● **WHAT IS NEEDED**: Once the line with "Iphone 15 pro Max 350,000" has been located in the records below, set down that line and all subsequent lines exactly, omitting the pictures.

● **SOURCE DATA**:
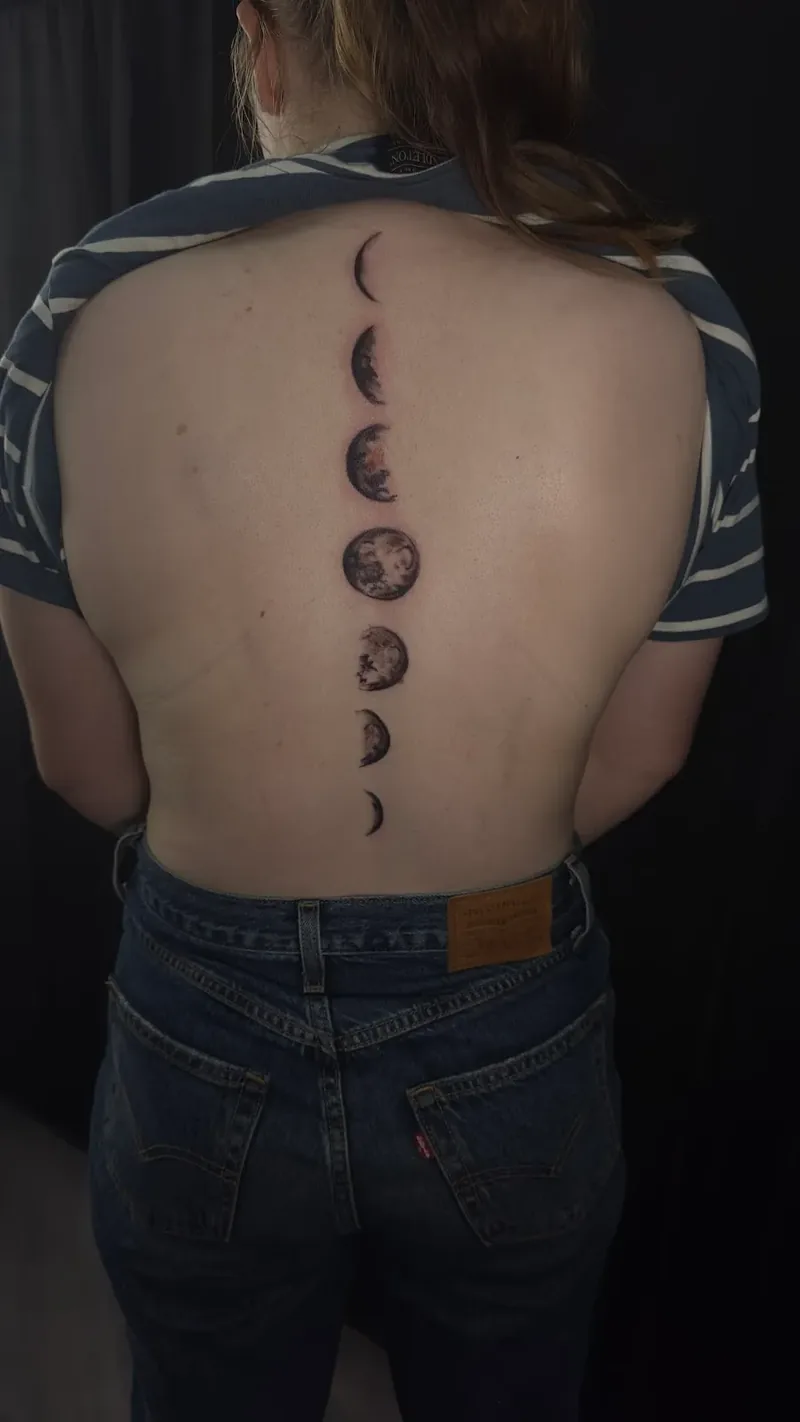 Fazele lunii de-a lungul coloanei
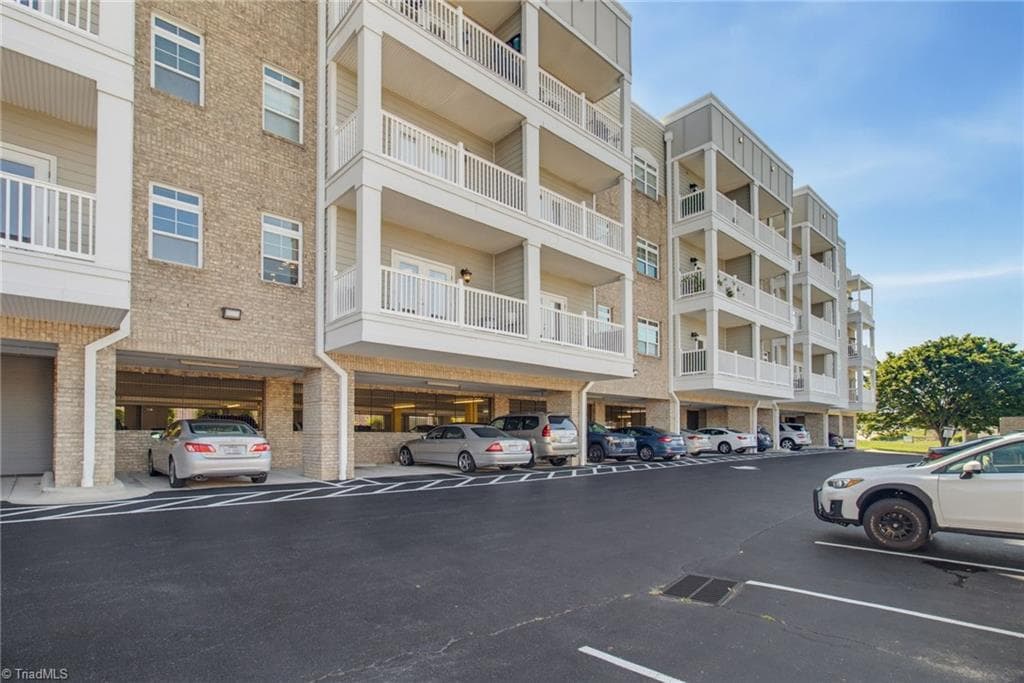 Stick/Site Built at 605 Market Street # 208, Greensboro NC 27401, photo 2 of 36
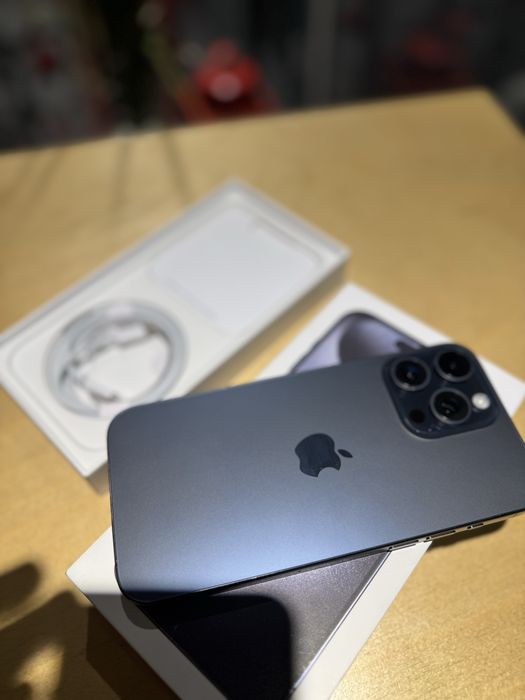 Iphone 15 pro Max 350,000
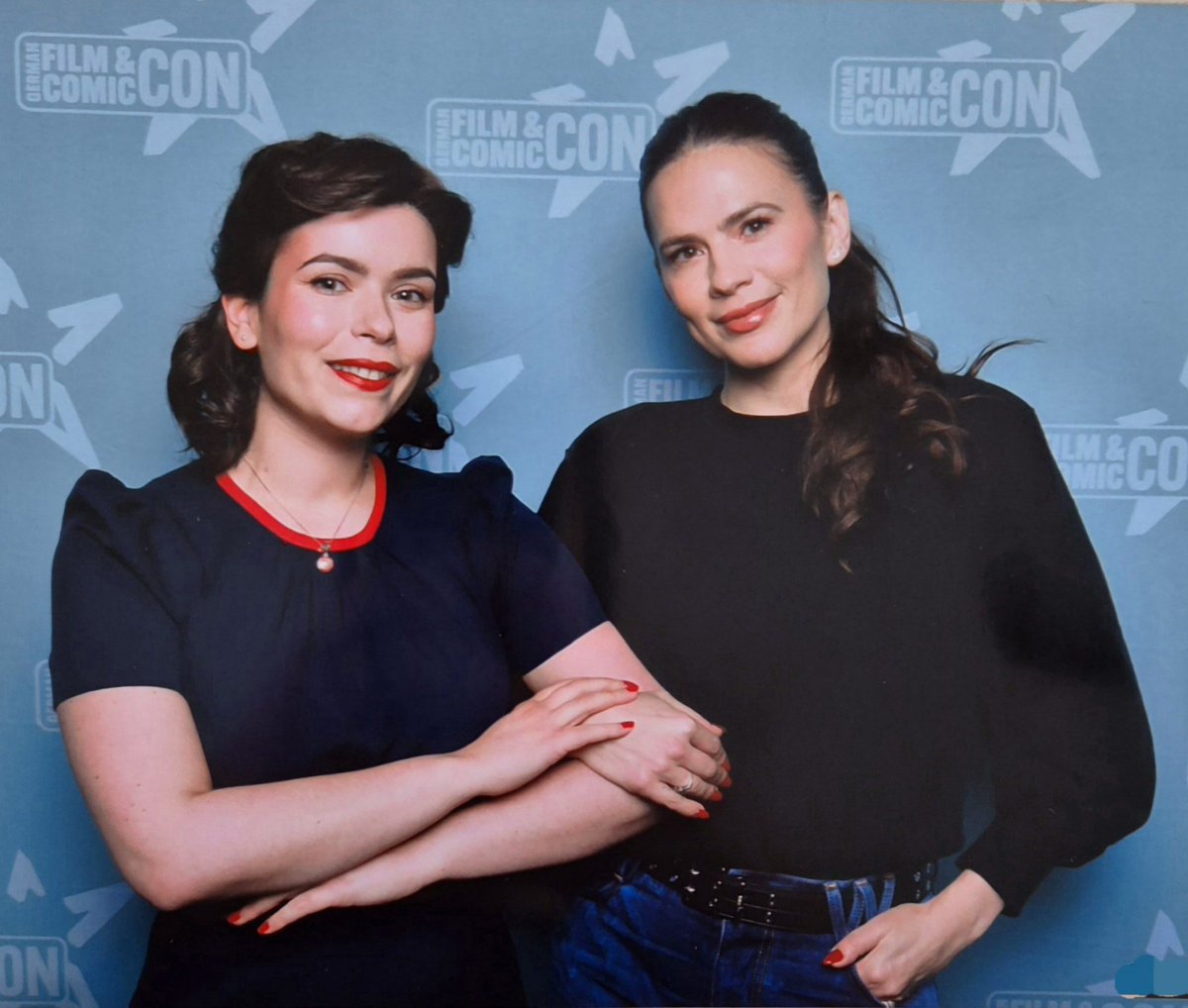 I saw Hayley Atwell voilà ❤️
After this difficult year fighting cancer, finally being in remission ; 
the icing on the cake is seeing Hayley Atwell !
It’s crazy, I never imagined ending the year like this.🤧

Thank you <a href="/GermanComicCon/">German Film Comic Con</a>
For making my dream come true 🫶🏻
#peggycarter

● **EXPECTED ANSWER**:
 Iphone 15 pro Max 350,000
 I saw Hayley Atwell voilà ❤️
After this difficult year fighting cancer, finally being in remission ; 
the icing on the cake is seeing Hayley Atwell !
It’s crazy, I never imagined ending the year like this.🤧

Thank you <a href="/GermanComicCon/">German Film Comic Con</a>
For making my dream come true 🫶🏻
#peggycarter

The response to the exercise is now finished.